Activities, Camps, Sports, and Field Trips: All extracurricular and co-curricular activities will comply with restrictions and state and county guidelines that are in place at the time. If the State has not achieved Stage 4 and restrictions do not allow for large gatherings, events may be cancelled or postponed. If restrictions allow for certain events such as sports contests without audiences, those events will be scheduled.

Following the National Federation of State High School Associations guidelines as well as county and state health and safety guidelines, the school summer conditioning “Phase 1” camps were prepared to start on July 6th with appropriate measures to ensure student health and safety. However, all Orange County school districts were notified on July 6, 2020, by Orange County Department of Education and were advised to cease all athletics until further guidance was provided by the California Department of Public Health. Once additional guidance is provided, high school administration, in connection with athletic directors, coaches, health professionals, and District staff, will share further details and plans for Pilot Conditioning “Phase 1.”
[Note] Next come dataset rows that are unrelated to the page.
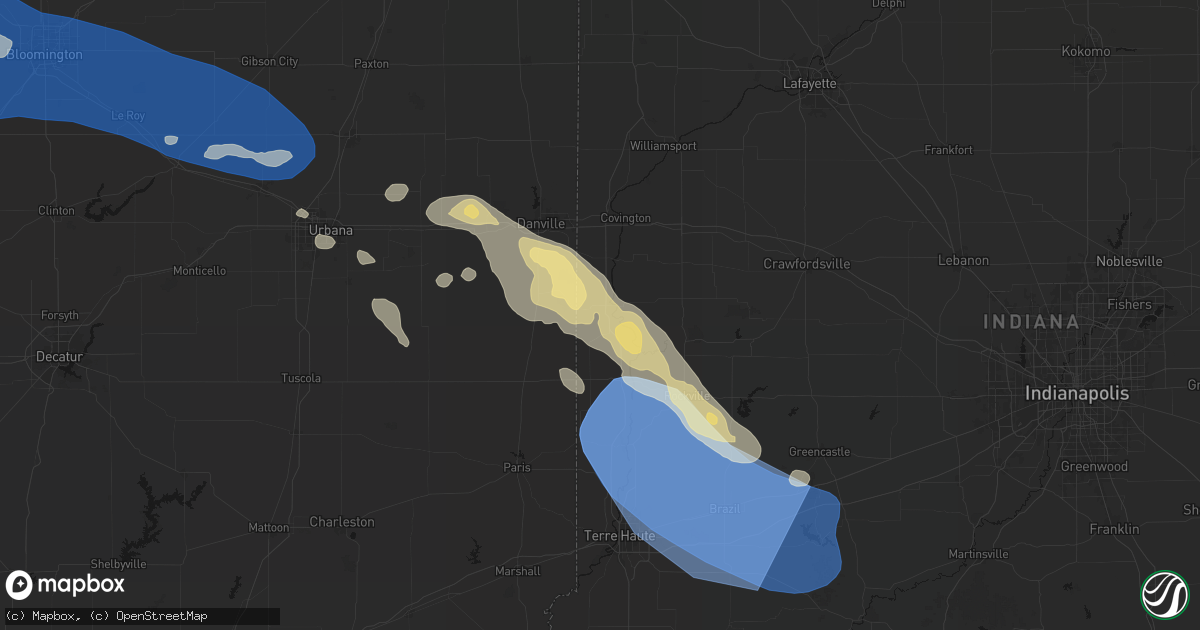 Hail map in Cayuga, IN on August 13, 2026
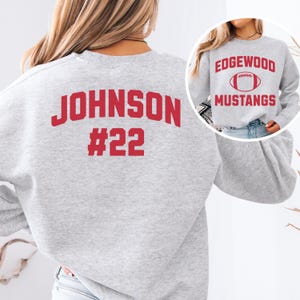 Custom Favorite School Team Football Sweatshirt Personalize Football Mom Hoodie Name Player Number Youth & Adult Game Day Crewneck Team Gift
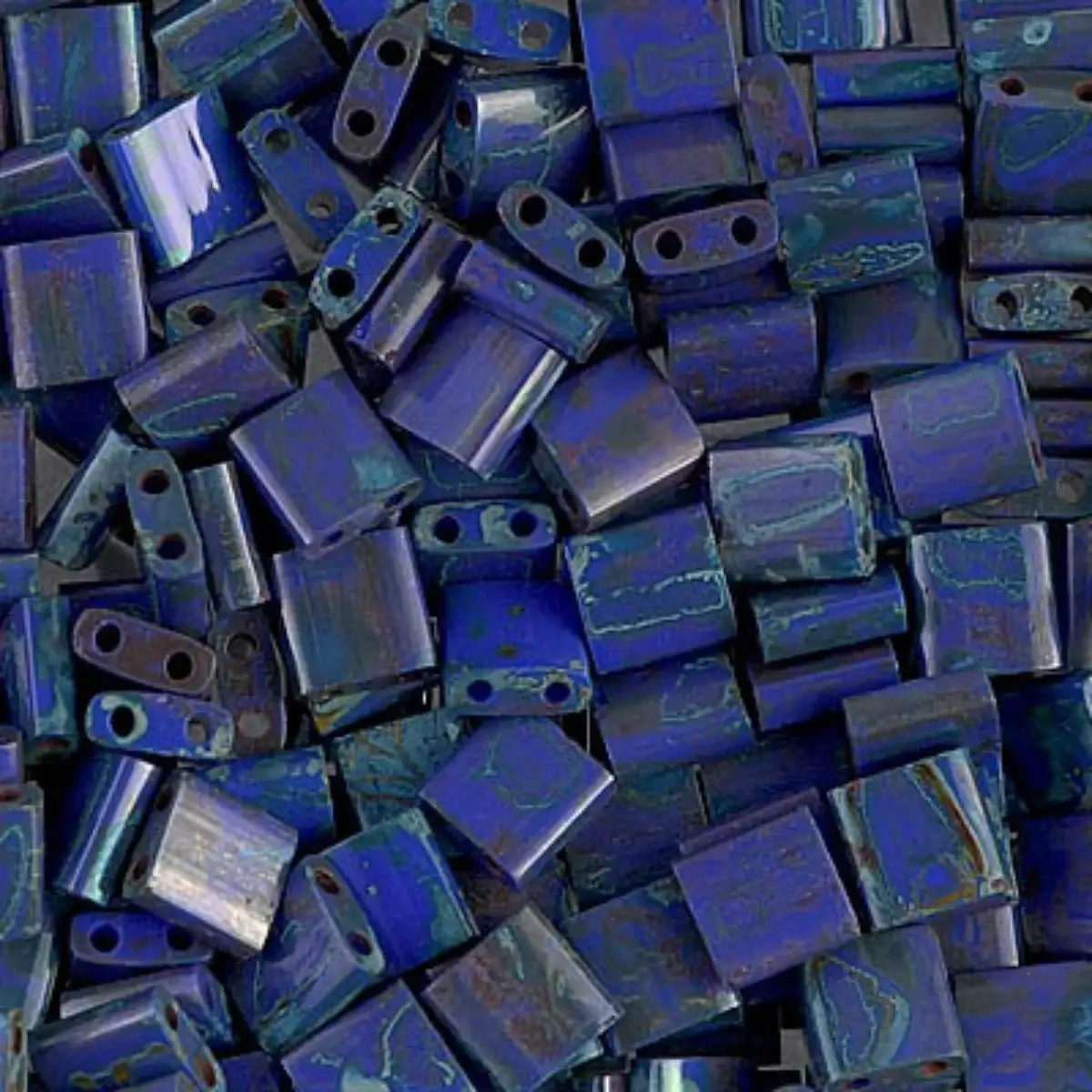 Miyuki Tila Beads, TL-4518, Picasso Cobalt, 5g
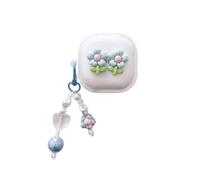 eglixu Compatible avec Samsung Galaxy Buds 4 Pro et Galaxy Buds 4, jolis motifs floraux 3D, coque transparente avec porte-clés pour femmes et filles (D)
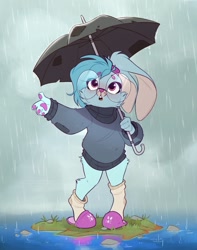 Size: 1490x1892 | Tagged: safe, artist:rexyseven, oc, oc only, oc:whispy slippers, species:anthro, species:rabbit, beanbrows, clothing, colored eyebrows, female, glasses, island, open mouth, rain, scrunchie, shoes, slippers, socks, solo, species swap, sweater, umbrella, water, worried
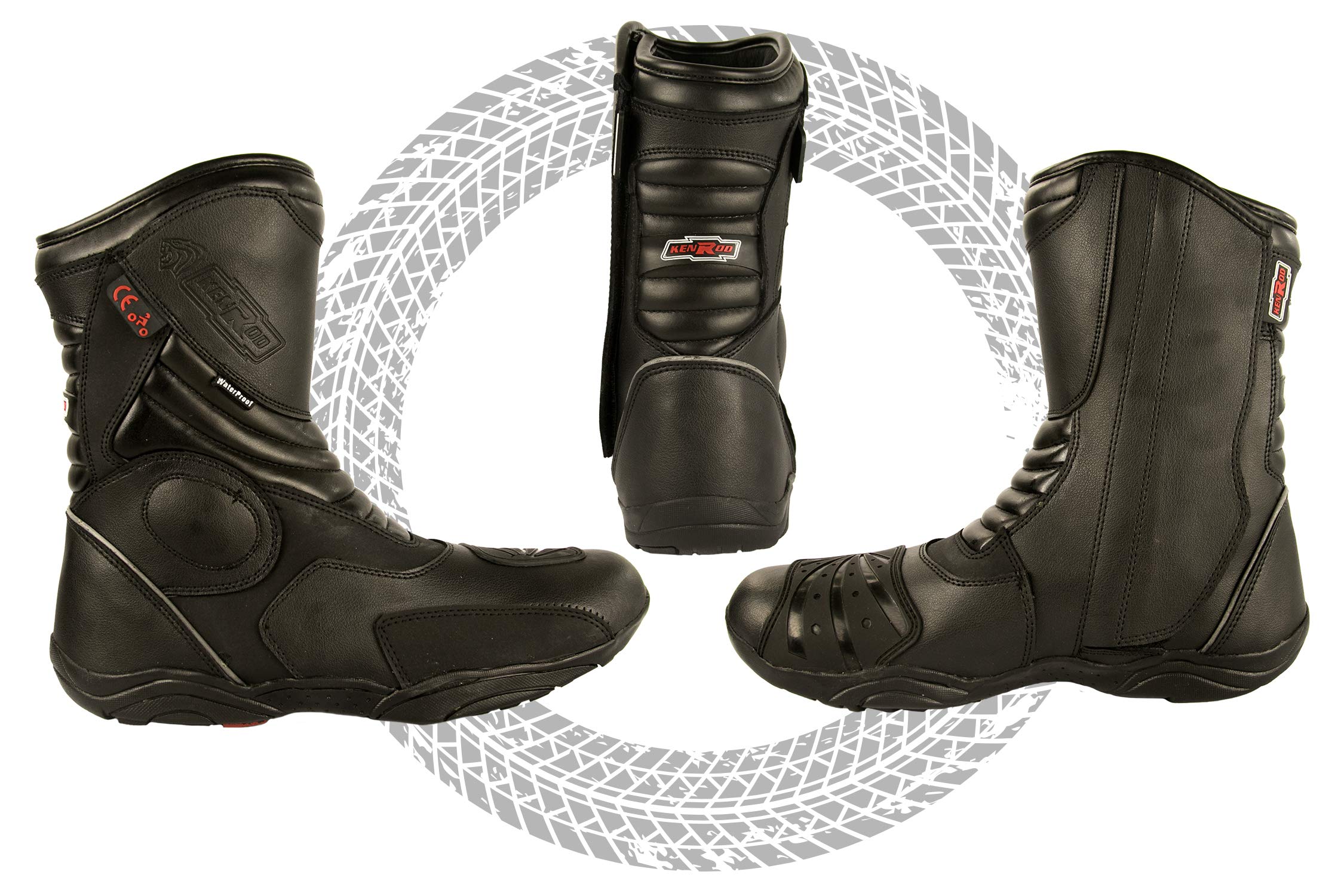 Zerimar Motorrad Lederstiefel - Stiefel Motorrad Leder - MotorradSchuhe Leder - Motorradstiefel - Motorradstiefel mit Schutz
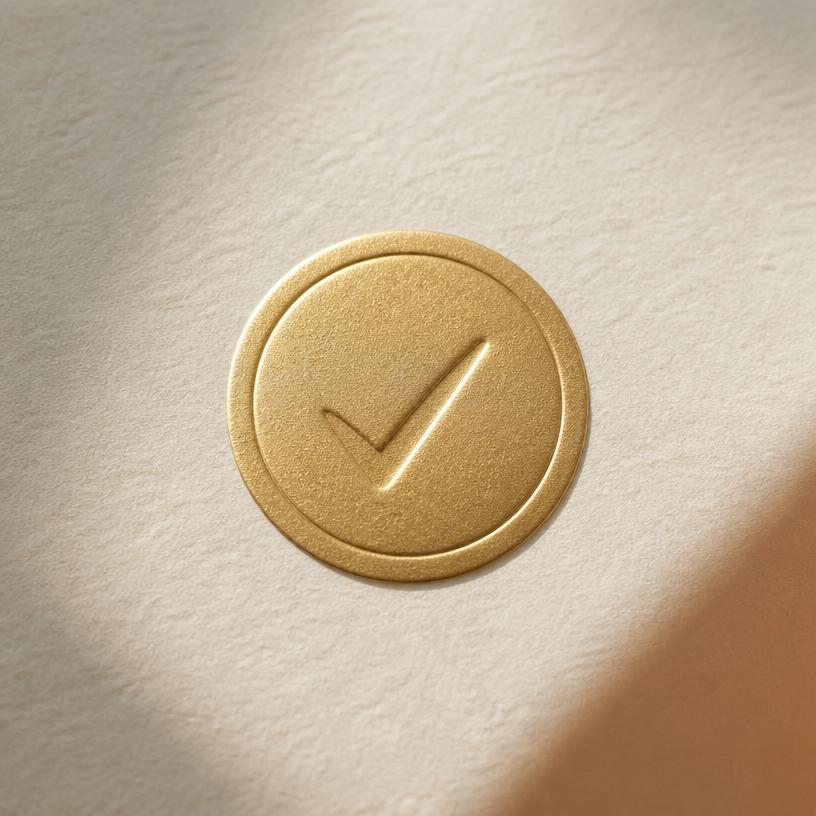 Sello dorado en relieve con una marca de verificación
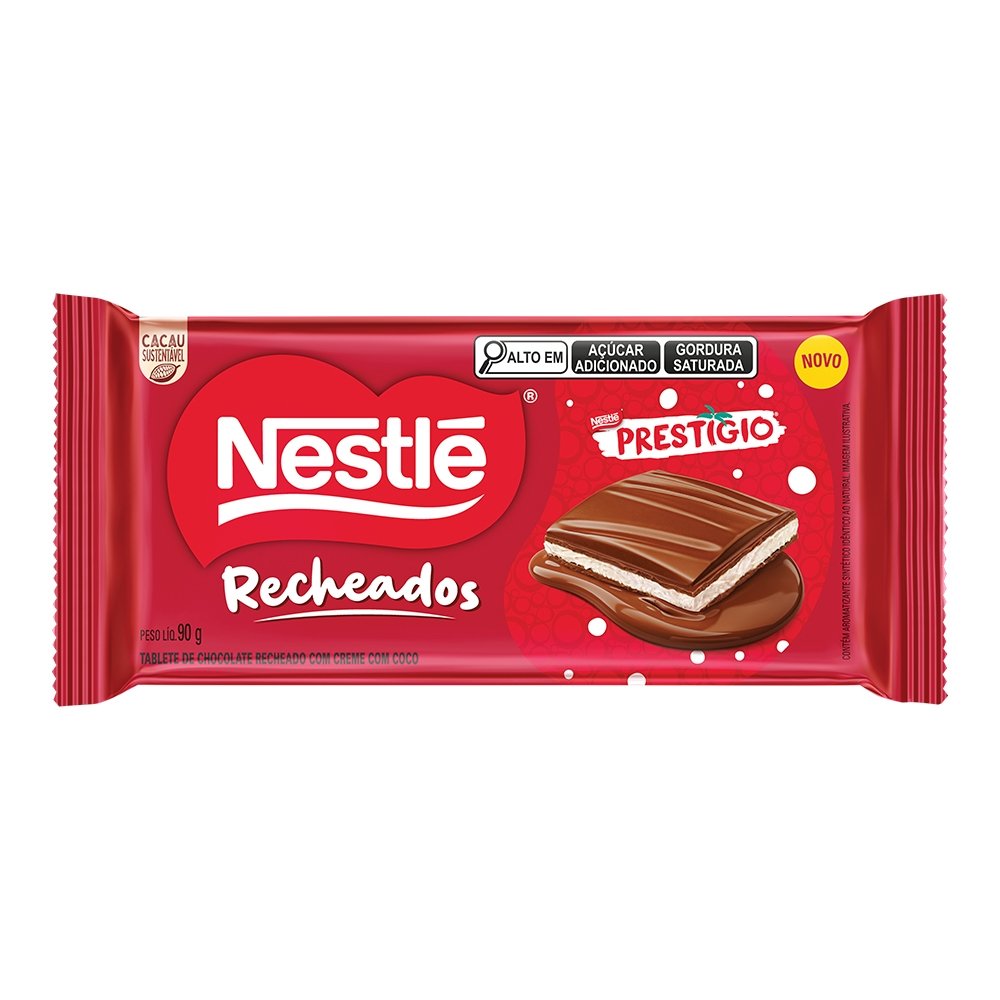 Chocolate Nestlé Prestigio Recheado Tablete 90g - Embalagem com 14 Unidades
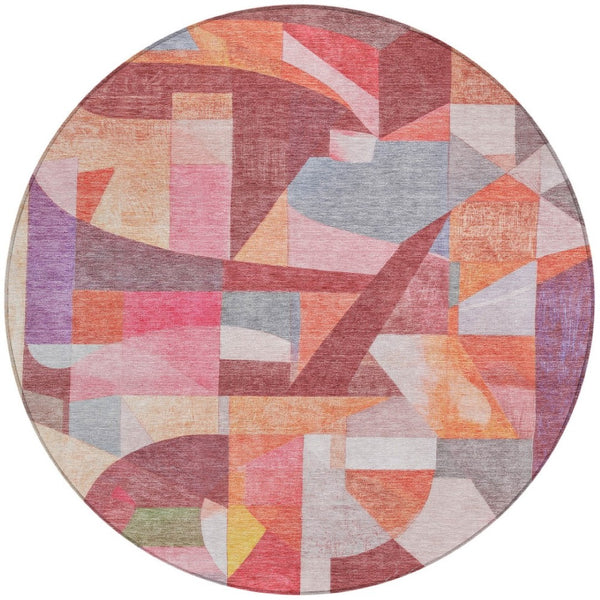 HomeRoots 8' Round Abstract Area Rug in Rust Pink, Ivory & Purple - Washable, Durable for Indoor & Outdoor Use 619983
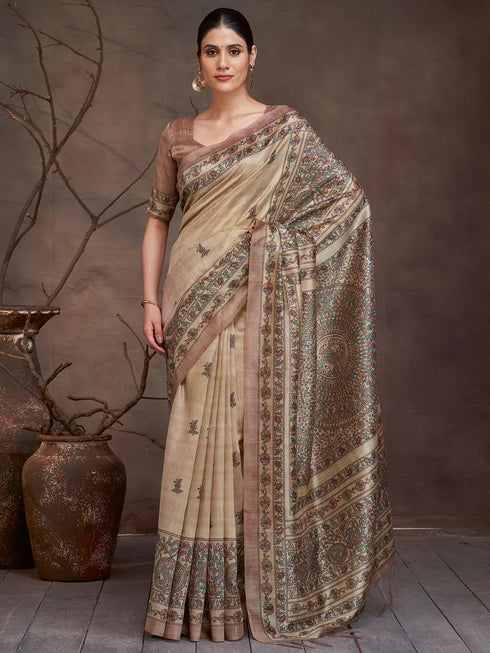 Vasthrlay Madhubani Printed Unstitched Hs Ethnic Wear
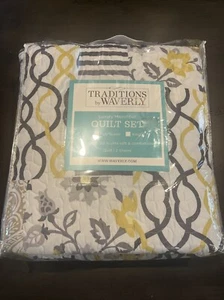 Waverly Traditions Set in Spring 3 Piece Full Queen Quilt Grey and Yellow - Picture 1 of 3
Sports will be considered on an individual basis and activities that comply with physical distancing, such as golf and cross country, tennis or track, may be reinstated sooner than other sports that require physical contact, such as football and basketball. Staff will continue to work collaboratively with California Interscholastic Federation (CIF) with scheduling and health and safety accommodations. CIF has indicated that additional information regarding 2020-2021 sports schedules will be provided on July 20, 2020.